## YOUR TASK
All lines from the one containing "Elegante ochtend na" through the final line of the listing below, and no others, must be returned exactly; no pictures belong in the copy.

## DATA SEGMENT
- Opening Delimiter -

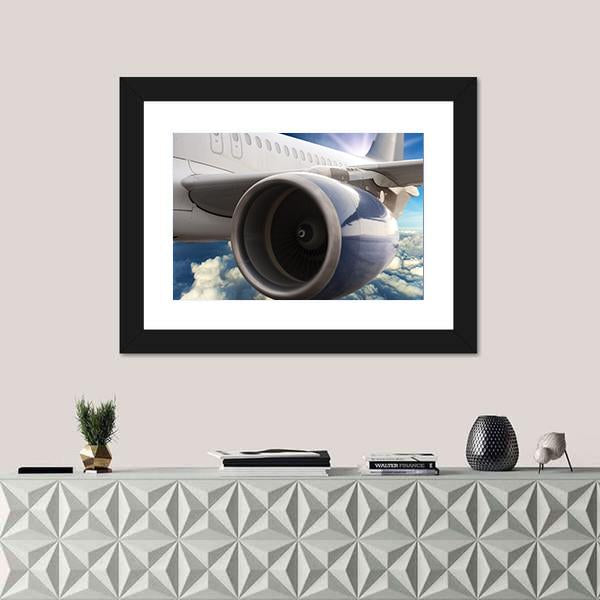 Turbine Motor Of An Airplane Canvas Wall Art-3 Horizontal-Gallery Wrap-25" x 16"-Tiaracle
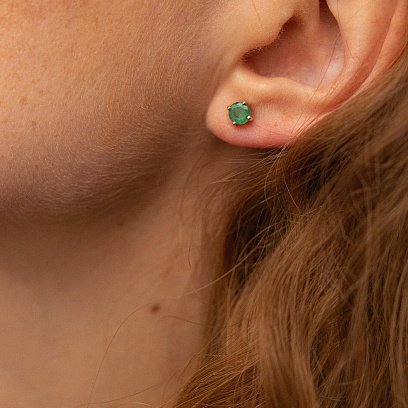 Золоті сережки - пусети з смарагдами сб0113gl №4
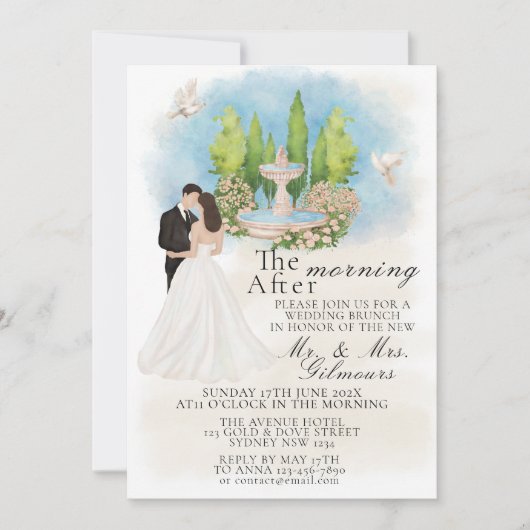 Elegante ochtend na fontein bruid & bruidegom duiv kaart (Voorkant)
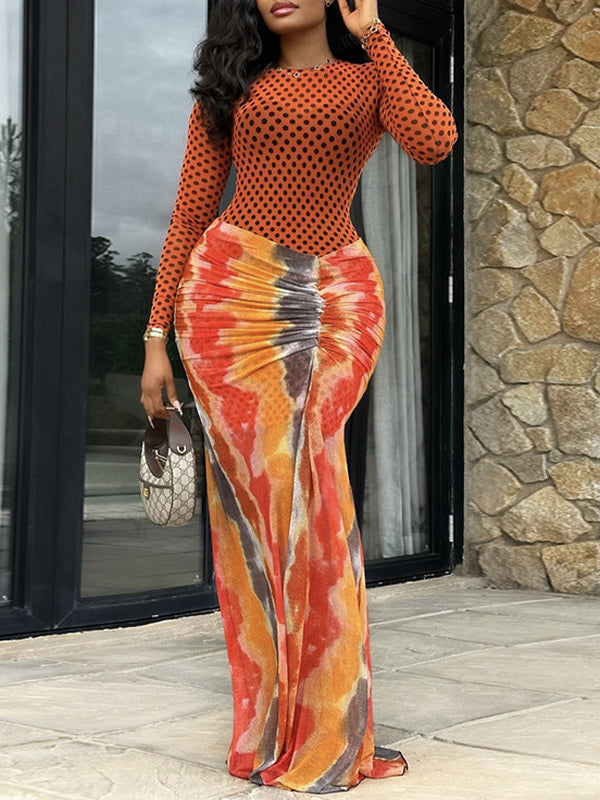 Printed Combo Ruched Maxi Dress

- Closing Delimiter -

## WRITTEN SOLUTION
 Elegante ochtend na fontein bruid & bruidegom duiv kaart (Voorkant)
 Printed Combo Ruched Maxi Dress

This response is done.